Trestman not a logical choice but a gutsy one

Trestman not a logical choice but a gutsy one
John J. Kim, Chicago Tribune

The Chicago Bears came into this off-season with a giant mess of candidates lined up for their head coaching vacancy. Phil Emery scoured the United States, interviewing coaches at every stop. He talked to some of the newest and brightest minds in the NFL today including Mike McCoy, Tom Clements and Darrell Bevell. Emery also interviewed the hot coaching commodities like Bruce Arians, who in Chuck Pagano's absence this year took an Indianapolis team from 2-14 to the playoffs.
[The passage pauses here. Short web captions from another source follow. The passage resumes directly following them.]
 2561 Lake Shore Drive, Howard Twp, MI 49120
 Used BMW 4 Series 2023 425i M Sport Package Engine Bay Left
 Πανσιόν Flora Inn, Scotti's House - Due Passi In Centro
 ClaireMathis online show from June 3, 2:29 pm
The criteria for the search stemmed from the lack of any consistent offensive production throughout the 2012 season. It came from a debilitating Jay Cutler and his lopsided play. The Bears, under Phil Emery, finally noticed a rapidly growing trend in the NFL: having a quarterback with the ability to make decisions, and a coach who can fundamentally work with that quarterback and develop him into a weapon.
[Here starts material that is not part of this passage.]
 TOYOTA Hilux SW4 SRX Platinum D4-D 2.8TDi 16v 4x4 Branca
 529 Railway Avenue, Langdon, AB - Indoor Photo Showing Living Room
Emery went from east to the west but ultimately ended up heading north to the great nation of Canada to find Marc Trestman, who at the start of the search seemed like one of the most unlikely candidates to land the job. Trestman has worked with Cutler before, including a number of other all-star QBs. He also helped to fix the Montreal Alouettes’ offensive line problems and went on to win two CFL championships.

Trestman has been endorsed by some of the best players in the history of the NFL; Jerry Rice, for example. He has also been brutally shot down by guys like Tim Brown. Trestman's track record is a head-scratcher, and after nine years of being  out the League, to land a head coaching job in one of the largest metropolitan areas in America? HUGE HEAD-SCRATCHER.

Trestman is a risk. Simple as that.

Now I've read blog posts and newspapers, and I’ve listened to tons of radio, all of which have very different takes on the hire. I've even heard little kids (bear cubs, if you will) on the train throw this hire under the bus asking, "What is a CFL?"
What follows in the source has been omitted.